**ABOUT THIS TASK**
Beginning with the line that holds "Choque y fuga", copy each line through the end of the material below, exactly and with no pictures.

**EXERCISE DATA**
+ + + + + + +
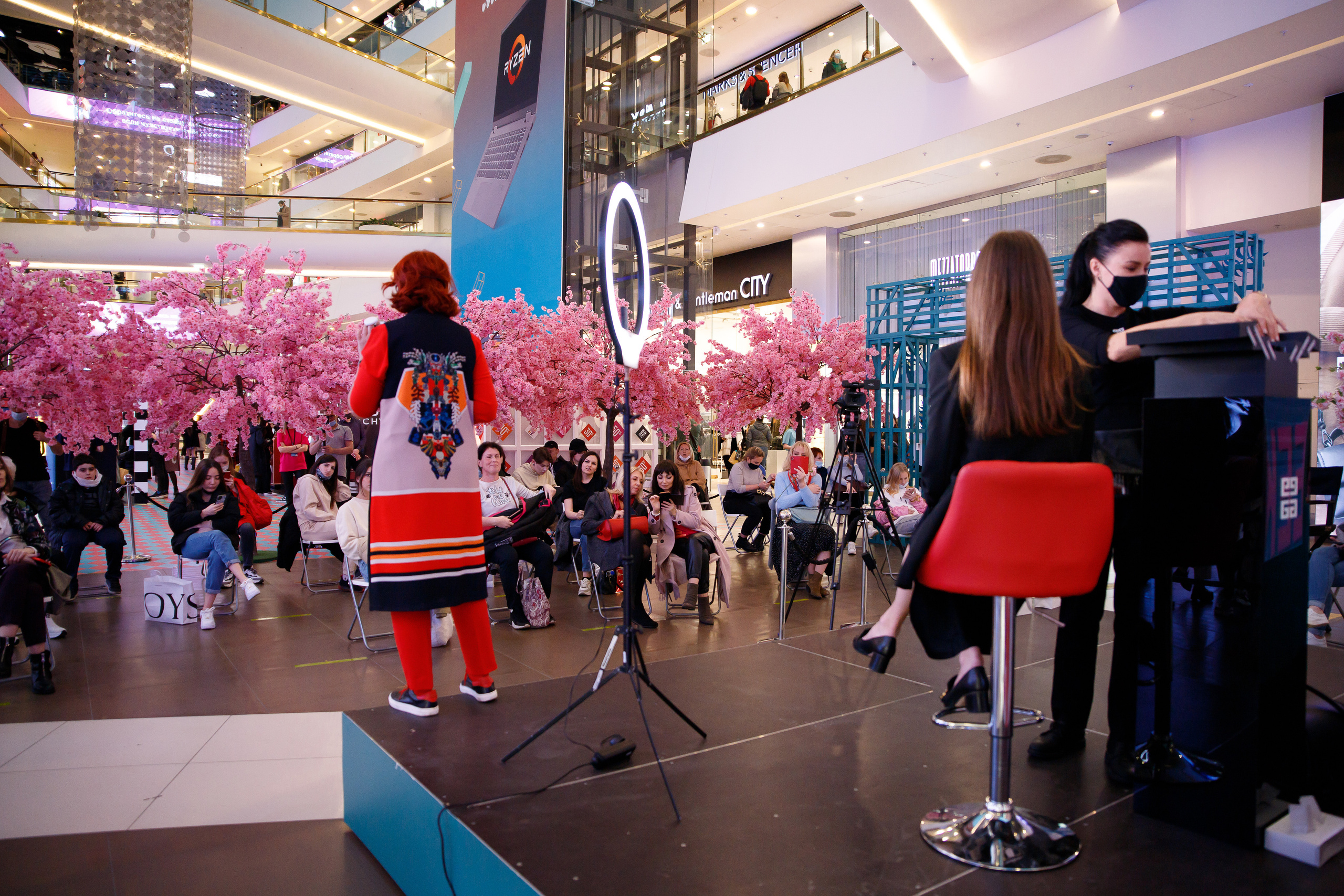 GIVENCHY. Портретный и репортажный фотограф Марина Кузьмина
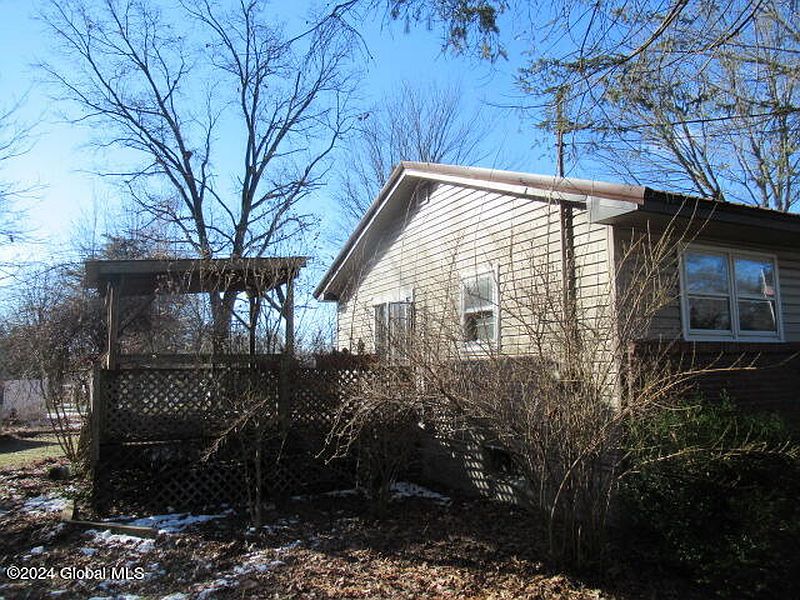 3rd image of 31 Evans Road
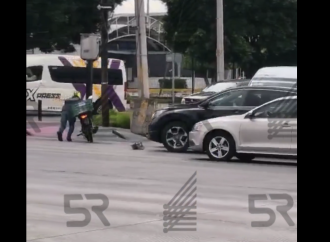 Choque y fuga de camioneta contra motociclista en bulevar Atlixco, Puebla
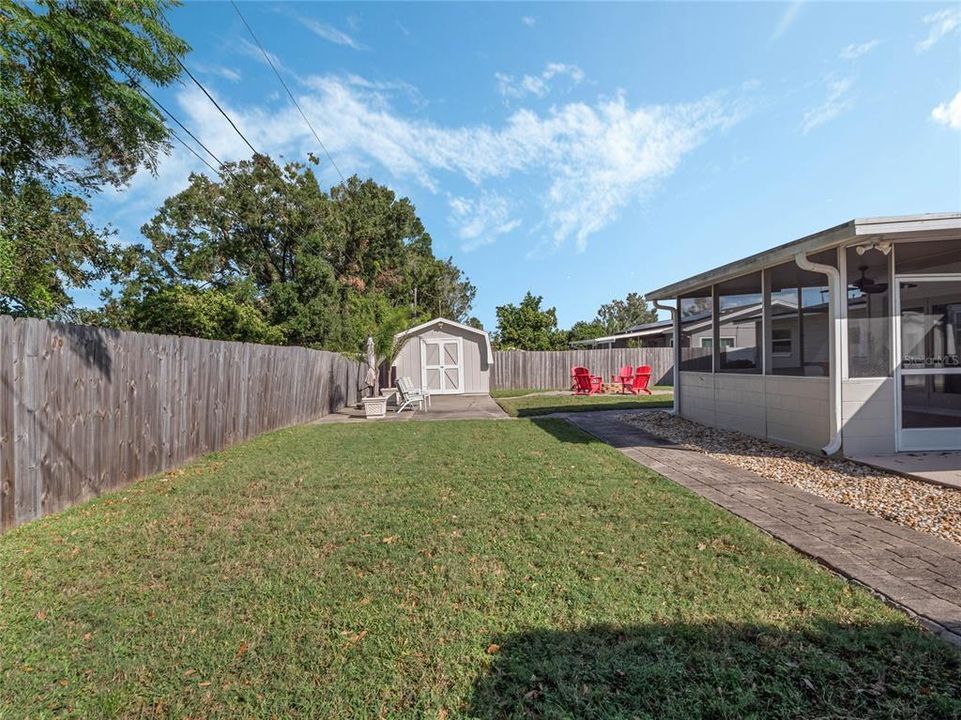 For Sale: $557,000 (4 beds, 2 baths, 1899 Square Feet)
+ + + + + + +
**EXERCISE ANSWER**
 Choque y fuga de camioneta contra motociclista en bulevar Atlixco, Puebla
 For Sale: $557,000 (4 beds, 2 baths, 1899 Square Feet)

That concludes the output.